Understanding this shows why Hurt’s title is wide of the mark – the issues she draws attention to is not a failure of CI as a principle.

And yet, understanding CI in this way also helps to understand why Lingua Latina per se Illustrata is not a CI-based book or method. Ørberg wrote LLPSI along the lines of the direct or natural method, which has some affinities to CI, and it is true that “Latin CI folk” really do love Ørberg, but LLPSI is not a CI based book.

You can see that in the very fact that Ørberg introduces new grammatical features, step by step, building on what the learner should know, and then expects the learner to explicitly grasp those features, and learn them based on a few exposures. Ørberg’s book(s) are not designed to provide lots and lots of comprehensible input, they are designed to teach through a grammatical sequence. For CI folk, LLPSI’s great strength is that it does indeed provide a considerable amount of comprehensible input, with at least a reasonably compelling story. But mistaking LLPSI for CI or vice versa is a very common mistake in the Latin teaching world.

To repeat: a CI based approach is not built upon specifically attempting to sequence the grammar (syntax and morphology) that a learner is exposed to. Nor does it have any expectation that students will notice, or develop an explicit, awareness of those features. It’s built on comprehending messages whose purpose is primarily communication, not primarily pedagogical.
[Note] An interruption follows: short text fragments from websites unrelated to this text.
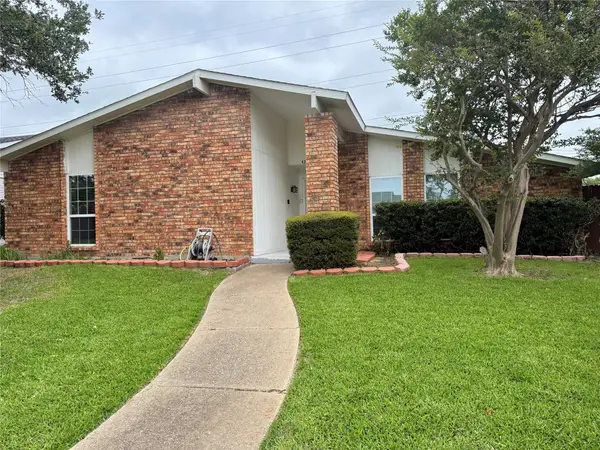 429 Hardwood Trail, Mesquite, TX 75150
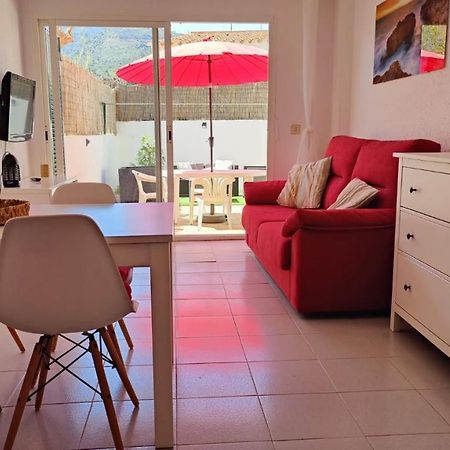 Port De La Selva Apartament El Port De La Selva Екстериор снимка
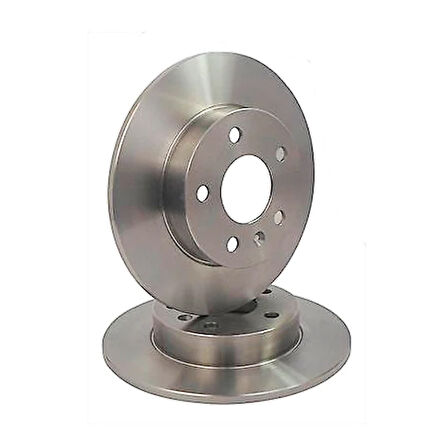 ARKA FREN AYNASI INSIGNIA A 2008 SAAB 9-5 YS3G 2010-2016 JANT 292X12X5DL DOLU 13502198 569127 13501302 569025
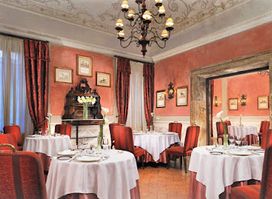 SaporDivino Restaurant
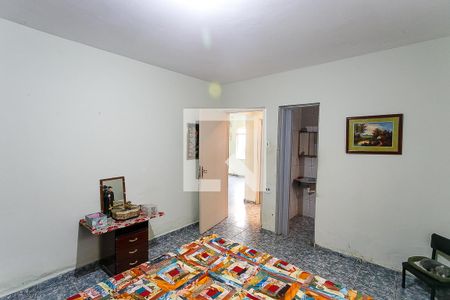 Casa para alugar com 151m², 4 quartos e 3 vagassuíte 1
So Hurt’s particular issue is the target feature of accusative endings. And her lament is,

“The error comes in believing that if a student successfully translates a sentence which happens to contain the target grammar feature, they necessarily understood the target grammar feature.”
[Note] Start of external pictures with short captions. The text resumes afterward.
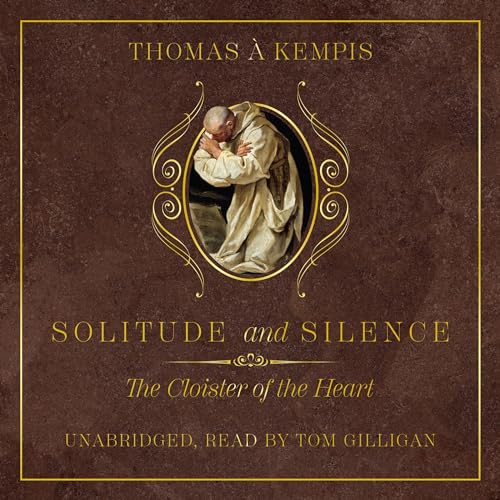 Solitude and Silence cover art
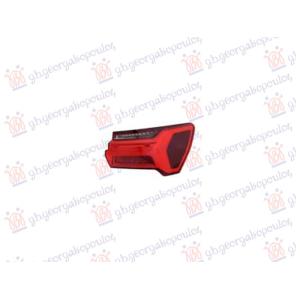 STOP LAMPA SPOLJASNJA LED KARAVAN (RS6) (TYC) Desna str. AUDI A6 2018- (4A2/4A5) (OEM: 4K5945224)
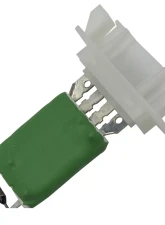 Beck/Arnley HVAC Blower Motor Resistor 204-0008                                     - 204-0008 - Image 4
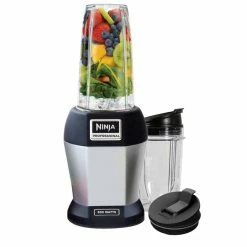 Ninja Nutri Pro Blender BL450 11 Ninja Nutri Pro Blender BL450 -Dinnerware Sales SP 607540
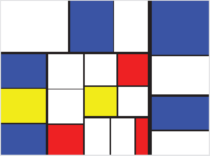 Treemap art – FlowingData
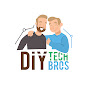 DIY TECH BROS logo
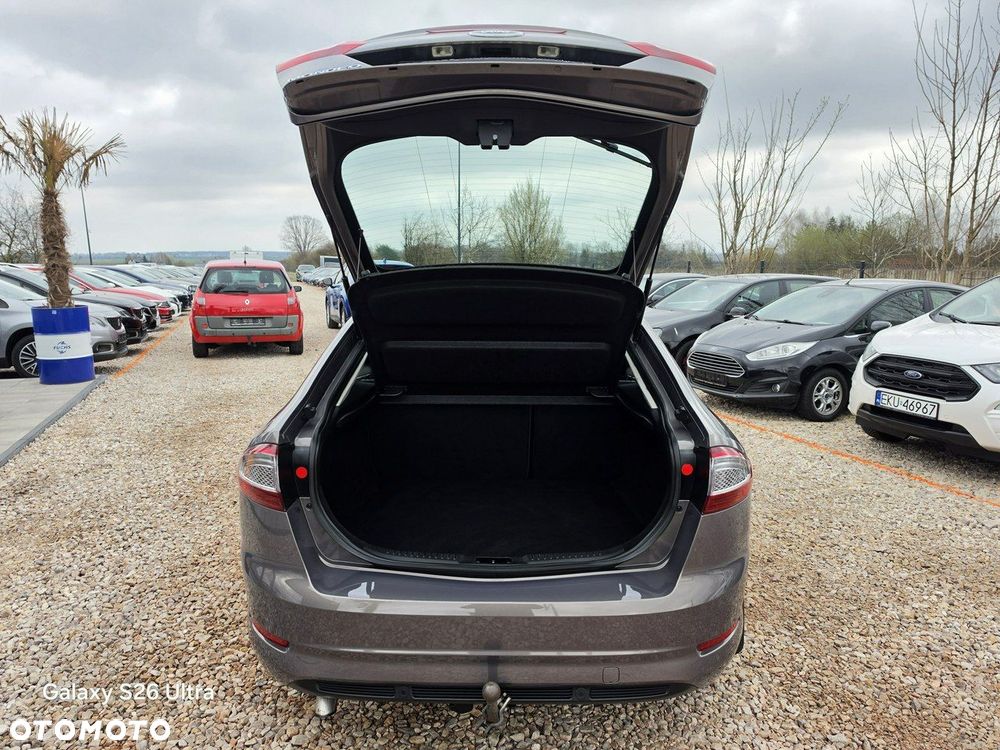 Ford Mondeo 1.6 T Titanium - 39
Which I agree with. Correct translation is no guarantee that a learner has understood a grammar feature. It isn’t even necessarily an indicator that a student has comprehended the sentence. Personally, I am more interested in whether they have comprehended it than whether they can translate it, but that’s a separate question.

Hurt points out that piling up SOV examples doesn’t help, and this is where she uses LLPSI as her example text. And it’s true – learners will assume the first noun is the subject, and won’t necessarily process the inflectional endings. That, though, has nothing to do with CI or LLPSI, but rather the First Noun Principle (FNP). The FNP means that learners (across the board, cross linguistically) process input by assuming that the first noun or pronoun they encounter is likely the subject. Similar to this is the Lexical Preference Principle – learners will tend to process lexical items (e.g. a temporal adverb, heri) rather than an inflectional ending (e.g. perfect tense, –vit). And it works, of course, until it doesn’t (Latin isn’t even strictly SOV anyway, so it is bound to break down).

Hurt’s response is:

“My favoured approach to teaching students to really heed the accusative case is to give them many examples of a sentence type I call “SOV-OV” and work on them in an environment that gives instant feedback:”
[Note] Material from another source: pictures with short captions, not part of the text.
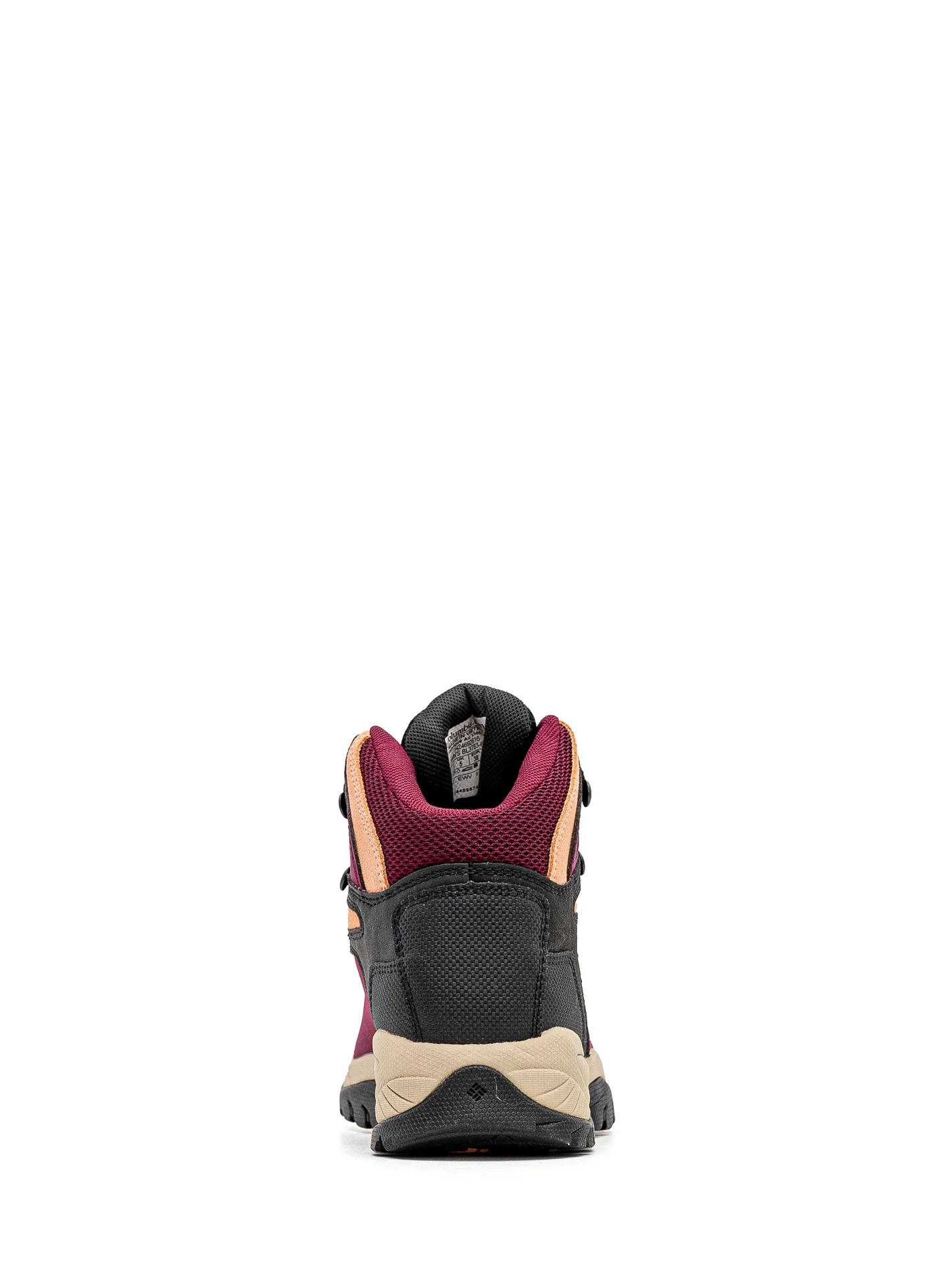 Newton ridge plus - Pourpre - #13M-202 - Image 4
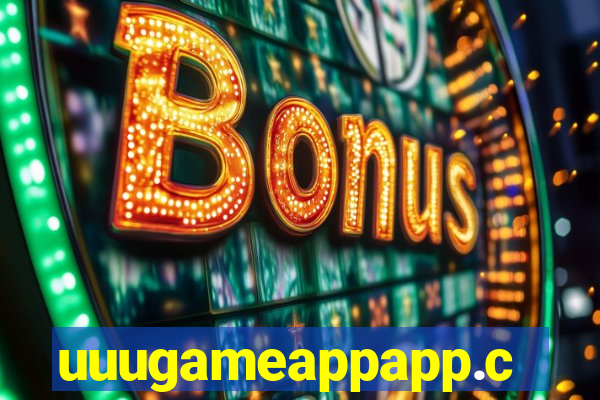 uuugameappapp.com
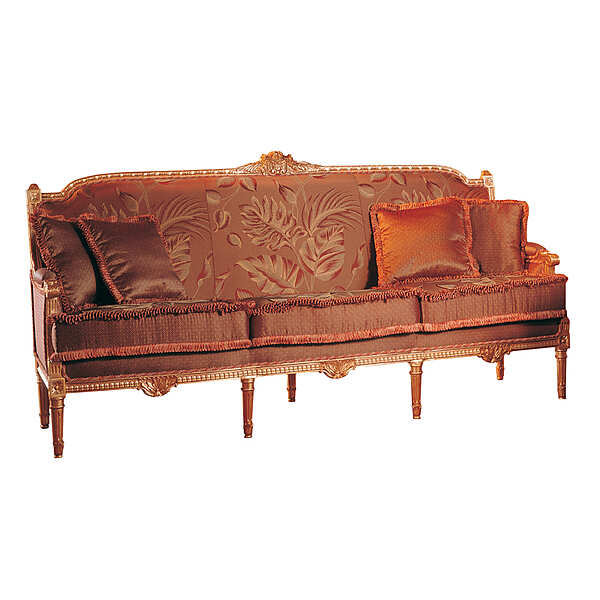 Couch FRANCESCO MOLON  D24 The Upholstery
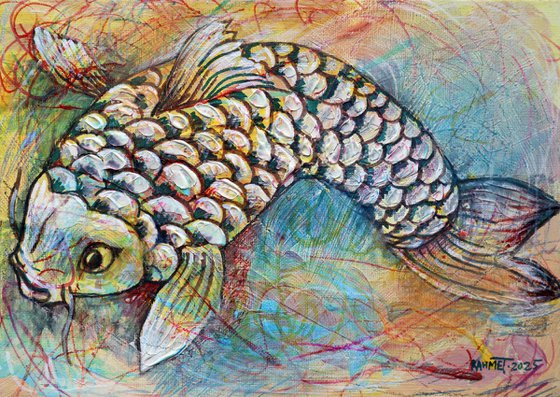 KOI 1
Which is pretty close to VanPatten’s work on Processing Instruction, which involves just these types of specifically structuring input to remove the dependency on, e.g., those above principles. For example, provide tensed sentences without lexical items marking time, and then ask for tense-based responses. Similarly, providing specific instruction that disables the First Noun Principle will cause learners to process other features, such as inflectional noun endings.

However, it’s not even (necessarily) clear that this is a case of the failure of Comprehensible Input. Processing Instruction does appear to work, but I wonder whether this emphasis gets quite close to a form of the Noticing Hypothesis developed by Schmidt, a hypothesis that has been critiqued partly for having no particularly clear underlying basis, nor being testable.

As I stated at the outset, I think the type of intervention Carla Hurt recommends or uses here is actually quite valuable, but I do so because of what it does: it asks learners to process input by relying on a feature of the language they need to acquire (inflectional endings). However, the broader misunderstandings of CI, Krashen, and Ørberg, need to be challenged because we can’t keep having debates where we misunderstand and misrepresent others’ views and approaches.